HA Wakeword Collective

rolyan_trauts · December 6, 2024, 11:38am

Its a another strange one from Homeassistant that seems to misunderstand the problems with room reverberation (RIR)

Room Impulse Response (RIR) is an audio signal processing task that involves capturing and analyzing the acoustic characteristics of a room

Wake Word Collective - Open Home Foundation ‘the wake word while you walk around the room’

Its extremely hard (beamforming) to remove room impulse response, but very easy to create with many github projects to do this GitHub - LCAV/pyroomacoustics: Pyroomacoustics is a package for audio signal processing for indoor applications. It was developed as a fast prototyping platform for beamforming algorithms in indoor scenarios. is one of many that can accurately add RIR
You only need <0.3m recordings that have very low RIR that can create many distances accurately with tools such as pyroomacoustics.

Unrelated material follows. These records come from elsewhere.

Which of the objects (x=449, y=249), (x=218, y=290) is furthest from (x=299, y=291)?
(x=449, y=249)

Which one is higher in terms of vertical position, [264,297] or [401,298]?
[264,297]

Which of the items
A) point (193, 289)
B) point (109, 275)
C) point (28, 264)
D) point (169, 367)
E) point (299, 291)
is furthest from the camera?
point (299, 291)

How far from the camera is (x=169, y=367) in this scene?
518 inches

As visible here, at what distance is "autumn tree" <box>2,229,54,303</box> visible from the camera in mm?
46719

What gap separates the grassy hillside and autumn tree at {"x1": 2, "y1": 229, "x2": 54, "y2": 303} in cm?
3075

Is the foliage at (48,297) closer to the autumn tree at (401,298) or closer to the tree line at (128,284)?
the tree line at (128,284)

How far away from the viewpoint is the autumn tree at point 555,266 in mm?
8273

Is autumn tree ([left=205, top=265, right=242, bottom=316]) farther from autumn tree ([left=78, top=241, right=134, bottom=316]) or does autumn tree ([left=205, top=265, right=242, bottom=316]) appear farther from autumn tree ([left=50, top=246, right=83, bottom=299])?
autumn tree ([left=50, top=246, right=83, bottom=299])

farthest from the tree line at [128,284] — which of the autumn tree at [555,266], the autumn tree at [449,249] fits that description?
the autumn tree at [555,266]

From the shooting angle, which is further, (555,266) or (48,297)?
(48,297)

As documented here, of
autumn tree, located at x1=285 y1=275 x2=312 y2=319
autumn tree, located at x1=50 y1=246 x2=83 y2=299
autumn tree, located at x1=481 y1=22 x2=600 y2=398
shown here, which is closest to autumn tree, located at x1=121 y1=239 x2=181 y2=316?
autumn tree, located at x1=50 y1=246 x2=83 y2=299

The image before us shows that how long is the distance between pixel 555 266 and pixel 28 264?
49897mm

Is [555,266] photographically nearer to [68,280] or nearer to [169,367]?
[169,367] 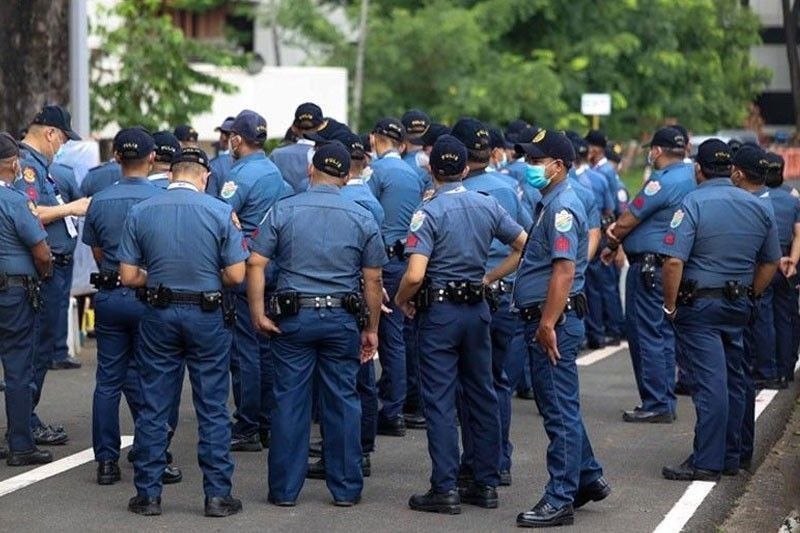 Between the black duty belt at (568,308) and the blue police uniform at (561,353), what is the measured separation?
0.07ft

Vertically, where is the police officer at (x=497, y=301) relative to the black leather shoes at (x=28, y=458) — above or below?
above

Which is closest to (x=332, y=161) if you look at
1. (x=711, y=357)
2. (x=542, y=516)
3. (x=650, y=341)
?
(x=542, y=516)

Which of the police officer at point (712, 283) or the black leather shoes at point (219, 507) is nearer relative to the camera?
the black leather shoes at point (219, 507)

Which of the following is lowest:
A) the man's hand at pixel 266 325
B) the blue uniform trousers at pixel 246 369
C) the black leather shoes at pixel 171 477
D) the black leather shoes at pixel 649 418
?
the black leather shoes at pixel 649 418

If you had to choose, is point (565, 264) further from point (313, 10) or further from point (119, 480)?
point (313, 10)

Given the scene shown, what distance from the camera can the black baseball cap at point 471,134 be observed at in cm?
1013

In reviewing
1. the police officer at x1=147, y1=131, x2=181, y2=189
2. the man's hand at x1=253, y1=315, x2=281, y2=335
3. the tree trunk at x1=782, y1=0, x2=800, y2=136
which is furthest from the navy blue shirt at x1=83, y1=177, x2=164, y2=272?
the tree trunk at x1=782, y1=0, x2=800, y2=136

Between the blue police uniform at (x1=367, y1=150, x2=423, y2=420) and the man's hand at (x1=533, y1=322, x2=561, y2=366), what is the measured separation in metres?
2.95

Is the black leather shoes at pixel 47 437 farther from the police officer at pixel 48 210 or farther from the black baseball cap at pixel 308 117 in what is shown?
the black baseball cap at pixel 308 117

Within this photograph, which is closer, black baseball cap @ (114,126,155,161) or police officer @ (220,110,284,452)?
black baseball cap @ (114,126,155,161)

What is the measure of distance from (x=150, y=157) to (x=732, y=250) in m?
3.55

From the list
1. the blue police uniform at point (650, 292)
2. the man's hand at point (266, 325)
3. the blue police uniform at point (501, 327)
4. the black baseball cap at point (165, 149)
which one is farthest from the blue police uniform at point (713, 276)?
the black baseball cap at point (165, 149)

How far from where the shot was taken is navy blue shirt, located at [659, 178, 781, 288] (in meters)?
10.1

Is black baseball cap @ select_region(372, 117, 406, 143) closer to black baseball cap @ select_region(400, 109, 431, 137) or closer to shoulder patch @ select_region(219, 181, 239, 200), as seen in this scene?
black baseball cap @ select_region(400, 109, 431, 137)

This allows you to provide datasets for certain devices as for a device with beamforming walking around a room including large RIR (large rooms) will greatly increase dataset entropy and resultant models will be less accurate as the beamforming will attenuate RIR.
Also any model created with samples containing RIR due to the nature of RIR sound will bounce off walls and arrive at the mic at different time periods due to differing distances.
These mix at the mic and the more distant the mic the more the recorded spectra will differ as more reverberation and mixing will happen creating very different harmonics.

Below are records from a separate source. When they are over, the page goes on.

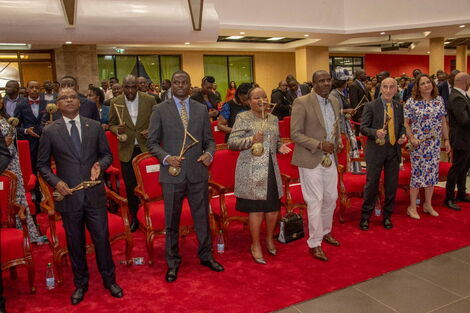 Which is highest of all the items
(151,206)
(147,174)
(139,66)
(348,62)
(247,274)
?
(348,62)

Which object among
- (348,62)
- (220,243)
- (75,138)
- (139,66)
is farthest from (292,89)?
(348,62)

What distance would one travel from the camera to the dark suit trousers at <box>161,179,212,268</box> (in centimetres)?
347

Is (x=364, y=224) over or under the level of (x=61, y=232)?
under

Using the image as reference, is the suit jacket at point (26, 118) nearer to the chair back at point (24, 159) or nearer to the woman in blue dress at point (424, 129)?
the chair back at point (24, 159)

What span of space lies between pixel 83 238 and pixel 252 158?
1.45 meters

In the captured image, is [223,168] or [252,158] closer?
[252,158]

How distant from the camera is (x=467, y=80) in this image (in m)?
4.98

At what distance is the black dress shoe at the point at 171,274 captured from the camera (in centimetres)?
352

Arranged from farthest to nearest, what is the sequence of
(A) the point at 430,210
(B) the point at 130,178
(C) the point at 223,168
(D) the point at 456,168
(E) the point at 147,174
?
(D) the point at 456,168, (A) the point at 430,210, (B) the point at 130,178, (C) the point at 223,168, (E) the point at 147,174

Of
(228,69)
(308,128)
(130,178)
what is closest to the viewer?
(308,128)

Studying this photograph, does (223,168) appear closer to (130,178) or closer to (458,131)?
(130,178)

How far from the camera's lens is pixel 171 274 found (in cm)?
354

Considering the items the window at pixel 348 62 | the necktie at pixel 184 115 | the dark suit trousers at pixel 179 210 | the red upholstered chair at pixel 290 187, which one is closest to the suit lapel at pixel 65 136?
the dark suit trousers at pixel 179 210

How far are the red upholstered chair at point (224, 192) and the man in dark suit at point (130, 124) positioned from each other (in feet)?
2.67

At least if your recording at a distance supply metadata of that distance so a dataset can be filtered to only include near <0.3 recordings and also allow you to be sure you have an even spread than create dataset bias.

Metadata is hugely important, Recording Device, Recording difference, Gender, Age Band, Lang, Region (Reginal accents), is essential so that you can filter and create evenly spread datasets or tailor a dataset to a type of metadata for more accuracy.

From what I can see Wake Word Collective - Open Home Foundation is going to create datasets only for devices without any form of RIR attenuation (beamforming and such) and create innacurate models as there is a limit to how much RIR you can included in samples as further distances to the mic in big rooms give big differences in spectra and greatly increasing dataset entropy.